[Opening Extracted records section]

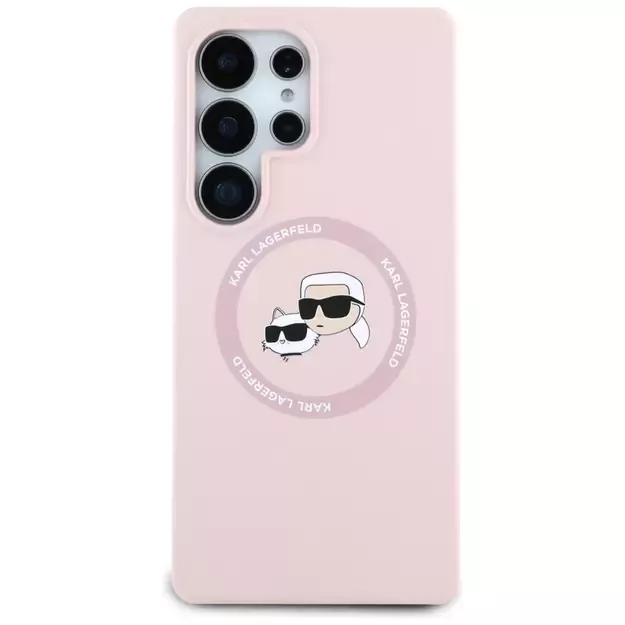 Karl Lagerfeld Silicone Double Heads And Circle MagSafe Samsung Galaxy S25 Ultra Case Pink 2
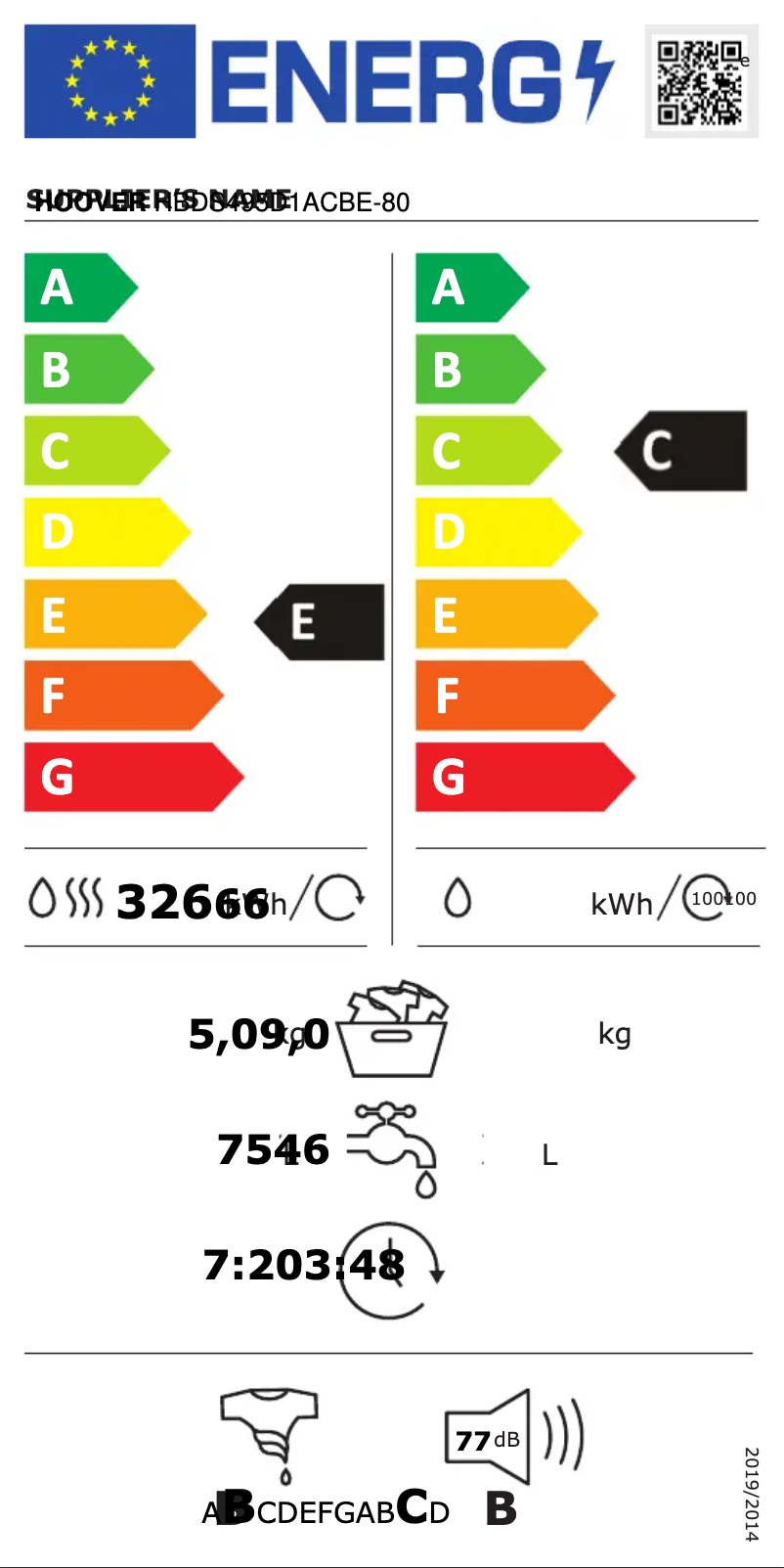 Page 1 of the manual Energy Label Hoover H-WASH 300 LITE HBDS495D1ACBE-80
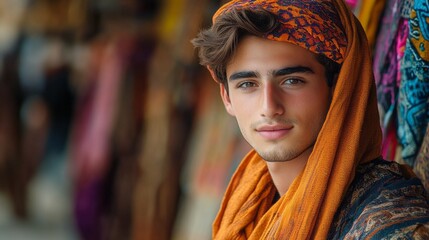 Fototapeta premium A young man wearing an orange scarf and a turban is smiling
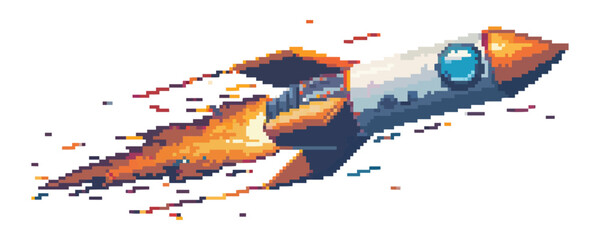 Pixel art rocket with flames showing dynamic motion.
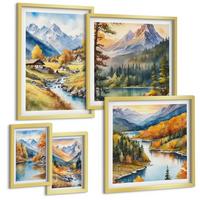 BILDER SET 5er Set - 50x50 cm & 20x30 cm & 40x60 cm Goldrahmen - Bergblick, Fluss, Herbst - Goldfarben, Kunststoff (40/60cm) - TULUP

[Closing Extracted records section]

Reproduce every entry word for word, but skip any pictures.

● **Solution for this exercise**:
 Karl Lagerfeld Silicone Double Heads And Circle MagSafe Samsung Galaxy S25 Ultra Case Pink 2
 Page 1 of the manual Energy Label Hoover H-WASH 300 LITE HBDS495D1ACBE-80
 Fototapeta premium A young man wearing an orange scarf and a turban is smiling
 Pixel art rocket with flames showing dynamic motion.
 BILDER SET 5er Set - 50x50 cm & 20x30 cm & 40x60 cm Goldrahmen - Bergblick, Fluss, Herbst - Goldfarben, Kunststoff (40/60cm) - TULUP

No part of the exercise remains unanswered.